Intentemos suspender la credulidad

¡Hola a todos!

Este es mi primer post, así que me presento: soy un chico nacido en un país llamado España. Y de momento no hace falta que sepáis nada más. Bueno, sí, que soy gay, y que suelo dar bastante la tabarra con el tema de los derechos LGBT. Y es que no me gusta, por ejemplo, que se me presuponga heterosexual o que se me considere, aunque sea de manera inconsciente, peor que un heterosexual.

Alguna que otra vez he discutido con amigos heteros que, de colegueo, me han llamado “gay” y “maricón”. Normalmente, como coletilla de alguna frase de broma, burla, o con cierta carga negativa. Como quien no quiere la cosa. Si me enfado, el argumento al que suelen recurrir para defender la inofensividad de esas palabras es que, si yo no tuviera problemas conmigo mismo, no las vería como insultos, me resbalarían, e incluso me reiría. Porque ser gay no es malo, ¿no? Entonces, si me llaman maricón, solo me están diciendo lo que soy. Es súper obvio que son palabras inocuas y sin connotaciones.

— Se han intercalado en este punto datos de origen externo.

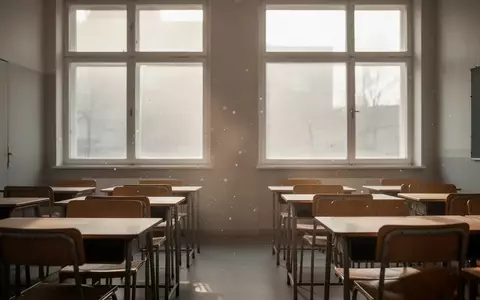 Ein leerer, sonnendurchfluteter Klassenraum mit schlichten Holztischen und Stühlen in einer ruhigen Lernumgebung. - Foto: über boerse-global.de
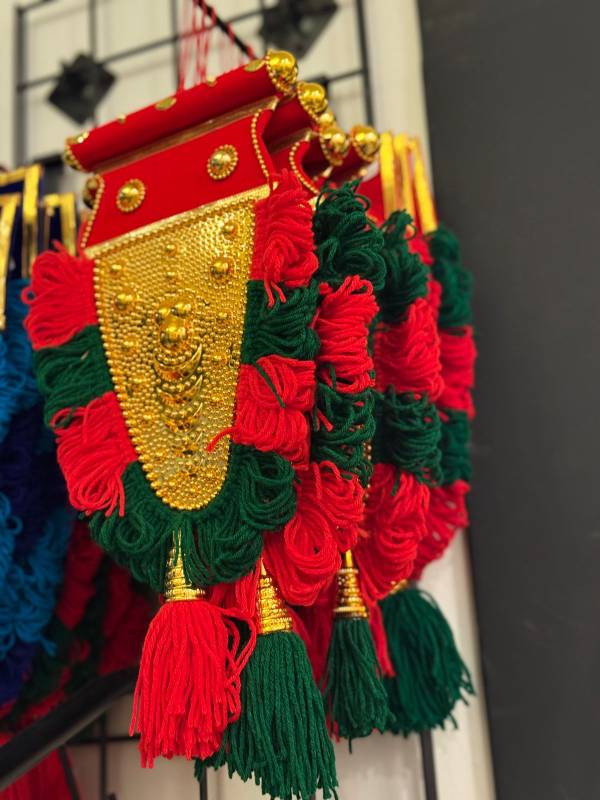 Thread combination hanging netipattam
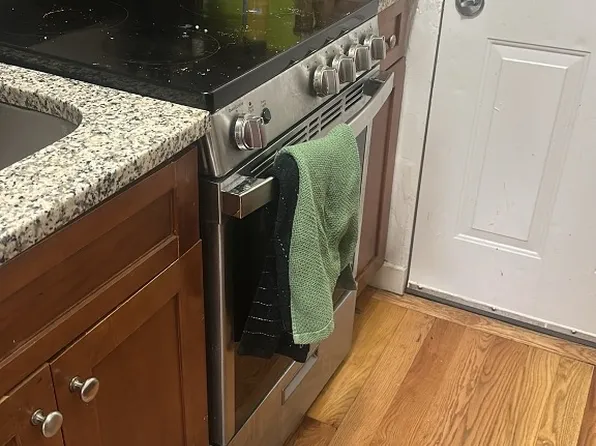 37 Bradlee St APT 3, Dorchester Center, MA 02124
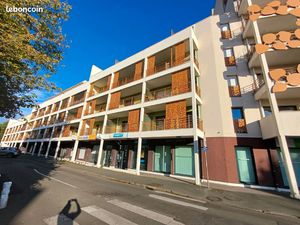 Appartement T3 de 79 m² situé en centre-ville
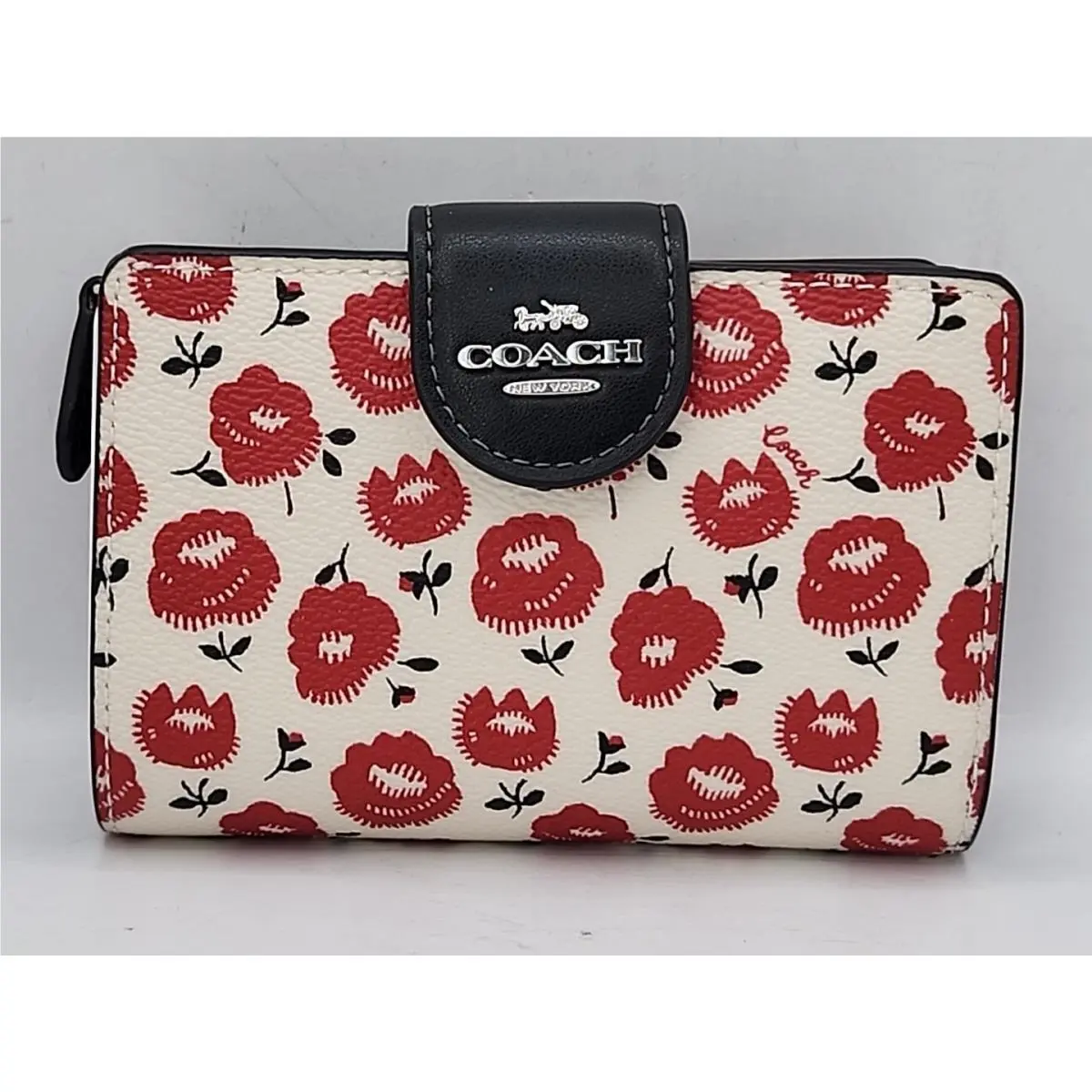 Coach Medium Corner Zip Wallet W/floral Print Silver/chalk/black CB038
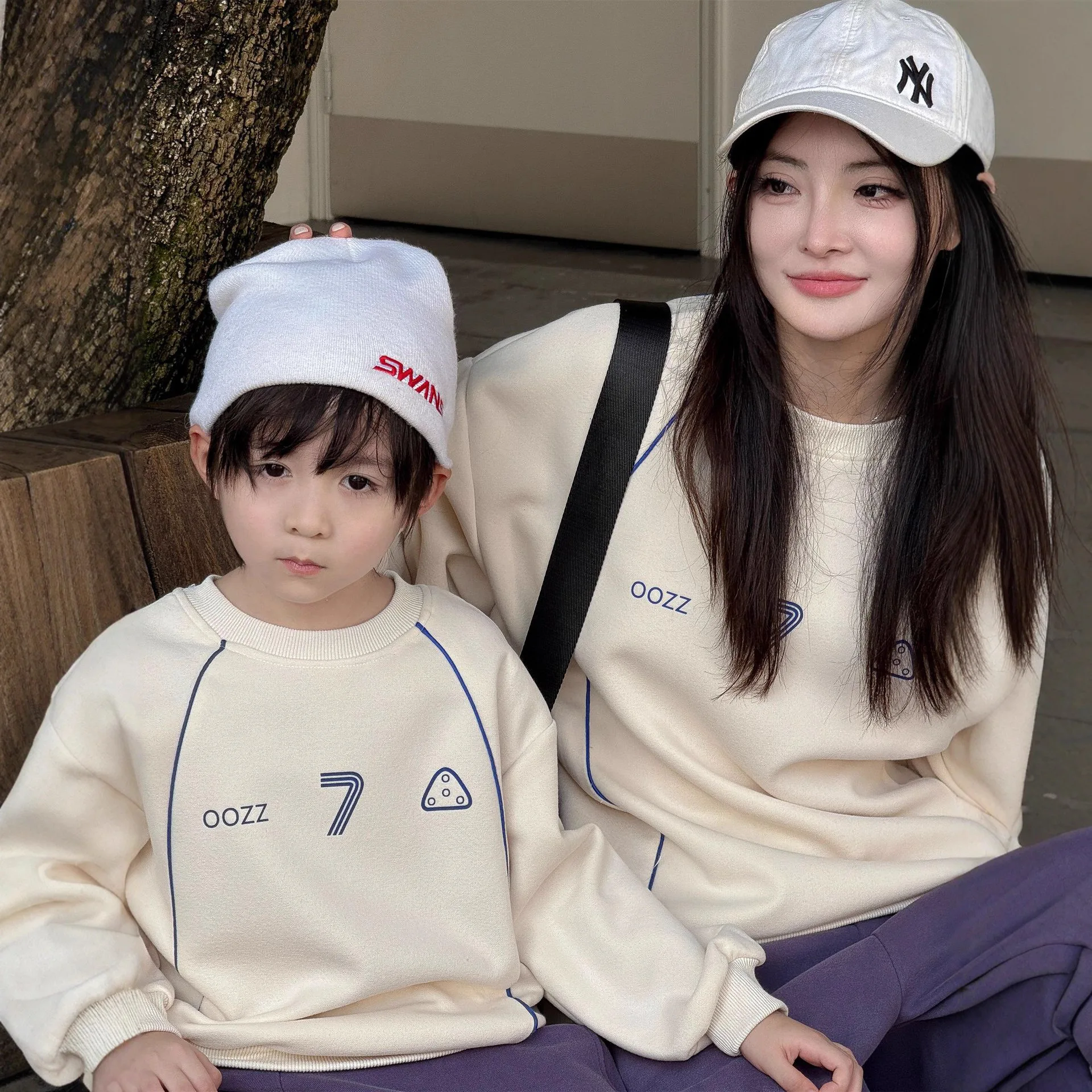 

2025 Korean Style Unisex Kids Pullover Family Matching sweatshirts Letter Print Cotton Casual Outfit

Lo que no son capaces de ver es que el problema radica en que mi condición es (puede ser) motivo de broma, en que ponen esa característica de mi persona en el saco de las características malas. Intento explicárselo de una forma fácil. Yo no me río de tus ojos azules o de tu heterosexualidad, ¿no? Porque no sería gracioso. “¡Jajaja, ojos azules, eres una mutación genética!”, o “¡jajaja, hetero, seguro que tu comida favorita son los mejillones!”. No, no sería gracioso. Y mucho menos podríamos utilizar esas bromas para ser crueles. Inténtalo, piensa cómo lo harías. ¿A que no puedes? Lo bueno de las bromas es que podemos introducir matices para ser irónicos, sarcásticos, y, por qué no, hirientes. En este aspecto, ellos pueden pero yo no.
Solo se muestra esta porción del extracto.